No deaths due to manual scavenging, 161 died cleaning sewers in 3 years: Centre
“There is no report of deaths due to manual scavenging. However, 161 persons have died due to accidents while undertaking hazardous cleaning of sewer and septic tanks during the last three years,” the Centre told Parliament.
There is no report of deaths due to manual scavenging but 161 people died in accidents while undertaking cleaning of sewers and septic tanks in the last three years, the Centre said on Wednesday.

“There is no report of deaths due to manual scavenging. However, 161 persons have died due to accidents while undertaking hazardous cleaning of sewer and septic tanks during the last three years,” Union minister of social justice and empowerment Virendra Kumar said in a written statement in the Rajya Sabha.

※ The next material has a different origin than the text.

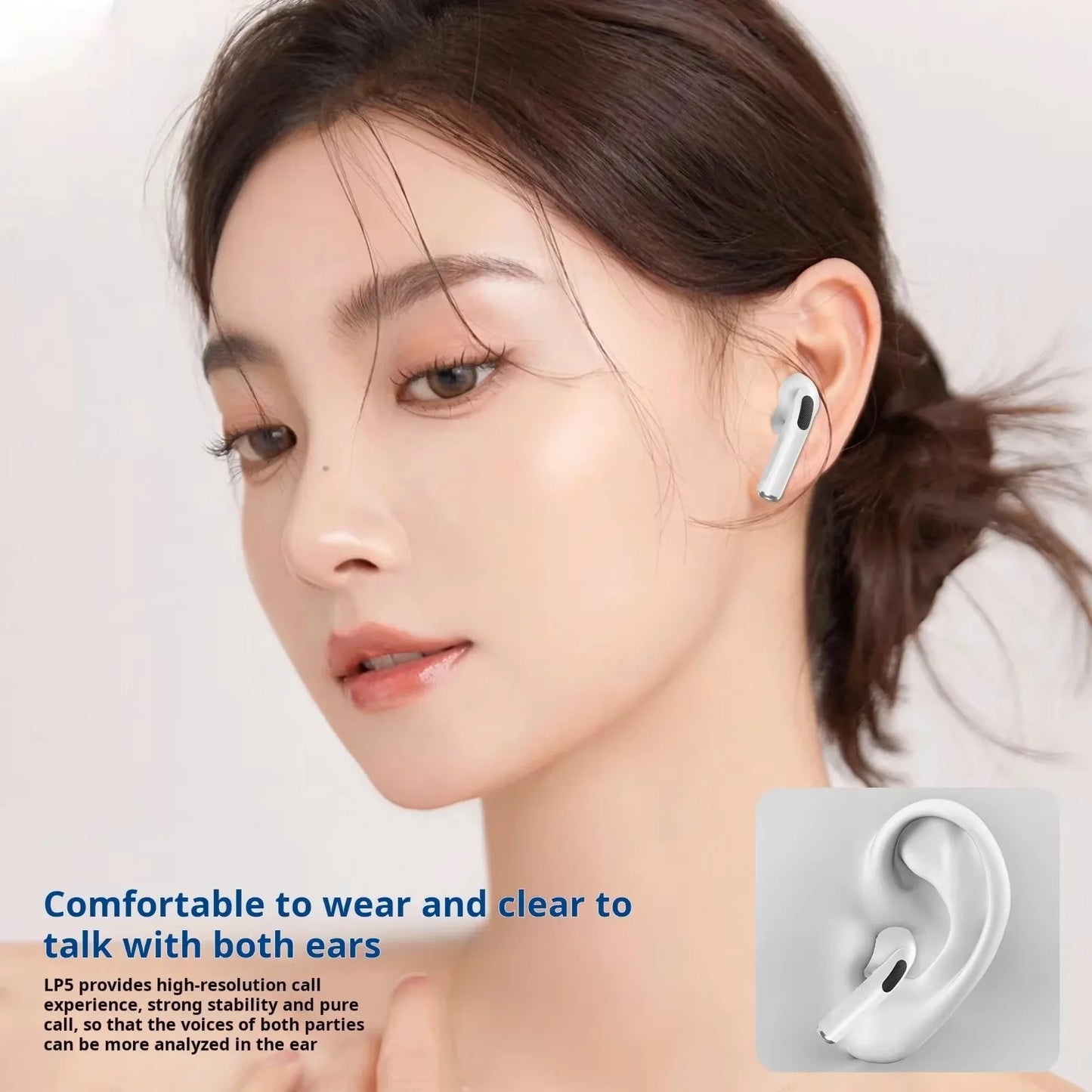 2025 Air Pro 5 TWS Max Wireless Bluetooth Earphones Headphones HiFi Sound Low Latency Noise Reduction Earbuds for IPhone Android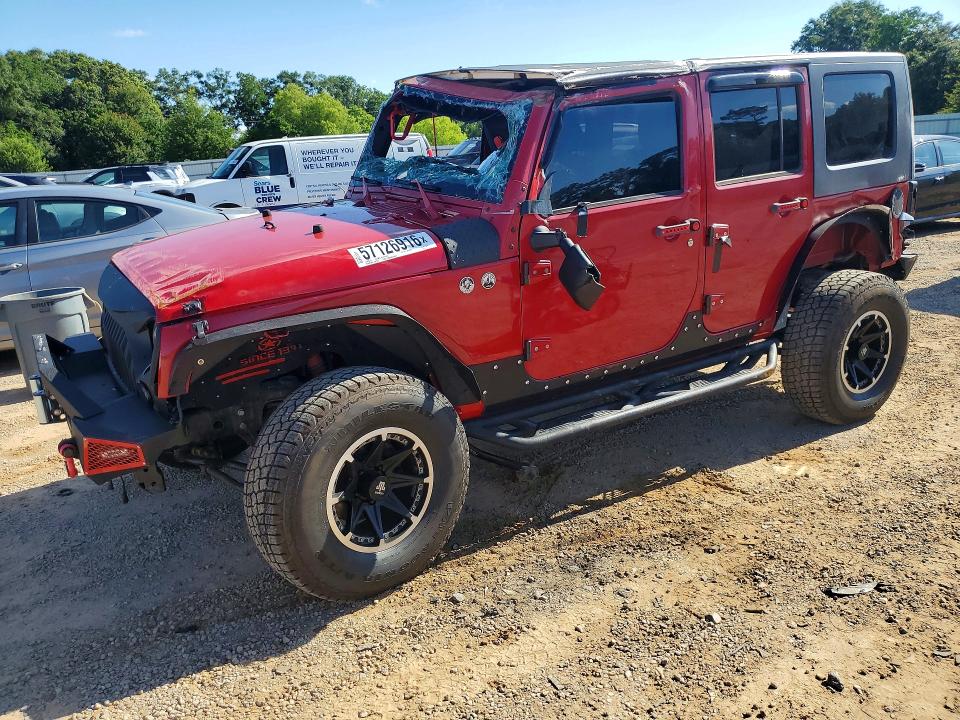 Aukcja sprzedaży 2012 Jeep Wrangler Unlimited, vin: 1C4BJWEG8CL100154, numer aukcji: 57126916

Tamil Nadu reported the highest number of such deaths at 27, followed by Uttar Pradesh with 26 , he added.
Kumar’s statement was in response to a query by Bharatiya Janata Party (BJP) MP Mahesh Podda who sought to know how many manual scavengers had died in the last three years.
Manual scavenging is banned under the Prohibition of Employment As Manual Scavengers and Their Rehabilitation Act, 2013. The government has differentiated between deaths due to manual scavenging and those that have occurred while cleaning sewers. Experts have maintained that cleaning sewers and septic tanks is a mere extension of the now-banned practice of manual scavenging or the cleaning of human excreta by hand.
The minister told the Upper House that 58,098 manual scavengers were identified across the country in two separate surveys in 2013 and 2018. All of them were provided with one-time cash assistance of ₹40,000 under the Scheme for Rehabilitation of Manual Scavengers (SRMS), he said.
Uttar Pradesh has the highest number of manual scavengers, he added.
The ministry had launched a mobile app – Swachchata Abhiyaan – in 2020 to identify and geotag the data of insanitary latrines and manual scavengers. “Not a single insanitary latrine has been confirmed so far,” Kumar said.
Reacting to the government’s statement, Bezwada Wilson, founder of Safai Karmachari Andolan which aims to eradicate manual scavenging from the country, said: “The practice of cleaning dry latrines is very prevalent in Uttar Pradesh, Madhya Pradesh, Bihar and Jammu & Kashmir. We have evidence for this and each time we try to share the same, the safai karmachaaris are harassed by the government and police… in such circumstances, people may not come and openly give a statement.”